• [COLLECTED DATA]
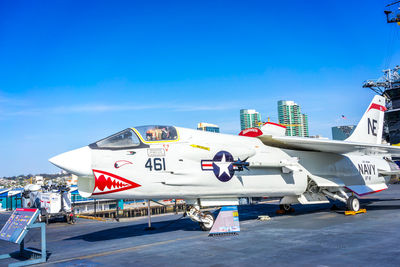 Airplane on airport runway against blue sky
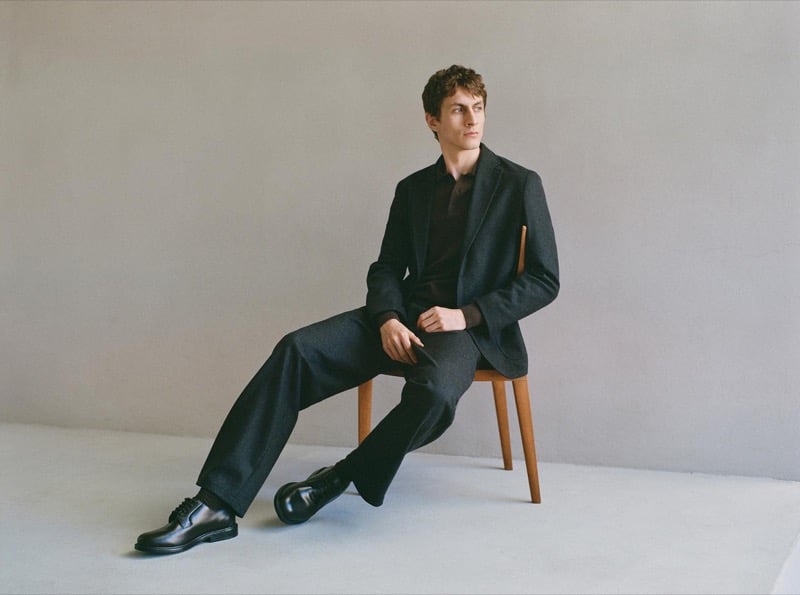 Henry Kitcher sits on a wooden chair in a textured blazer and knit polo with wide trousers and black derby shoes against a gray backdrop, for Massimo Dutti's The Loft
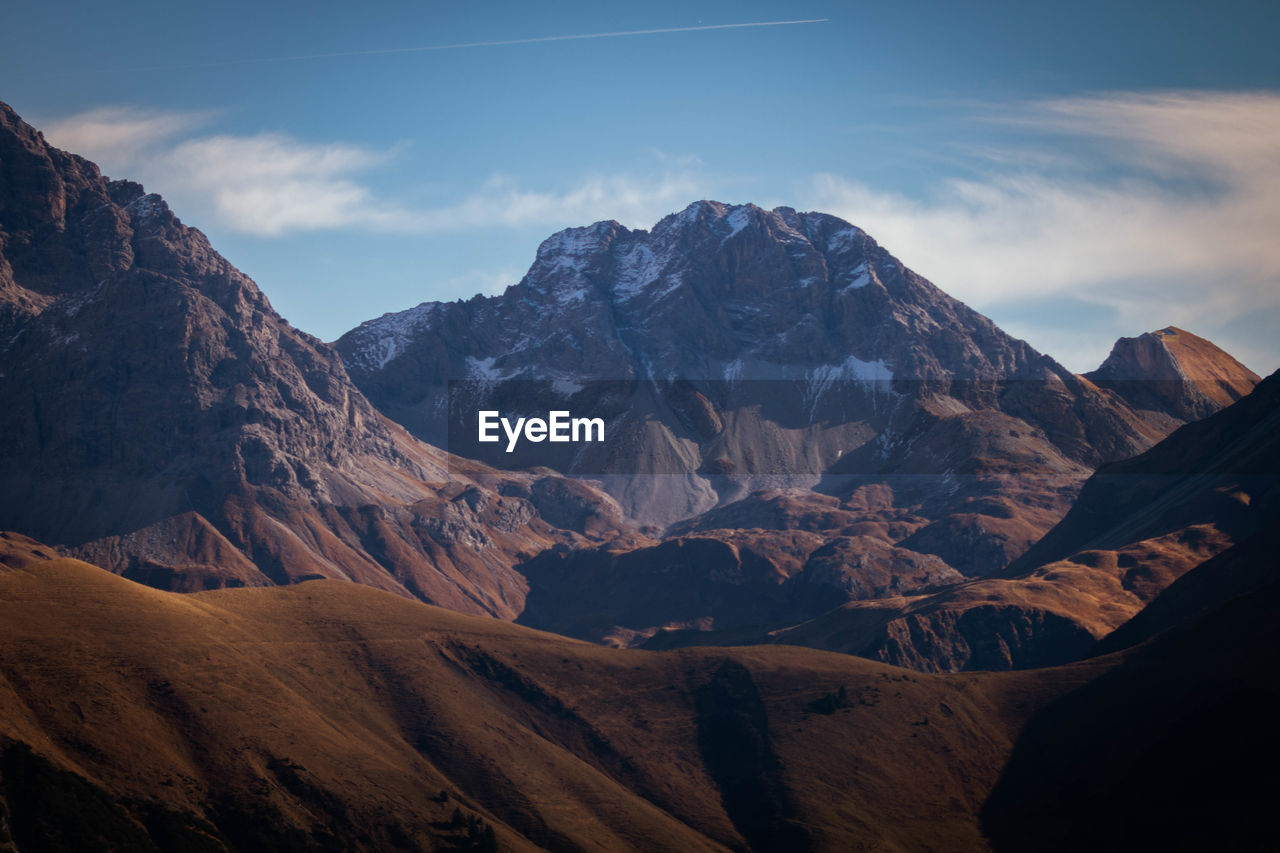 Scenic view of mountain ranges against sky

• [PROBLEM]
The lines from the one containing "Henry Kitcher sits" through the last line of the data above are to be transcribed exactly, both included, with all pictures left out.

• [THE COMPLETED TASK]
 Henry Kitcher sits on a wooden chair in a textured blazer and knit polo with wide trousers and black derby shoes against a gray backdrop, for Massimo Dutti's The Loft
 Scenic view of mountain ranges against sky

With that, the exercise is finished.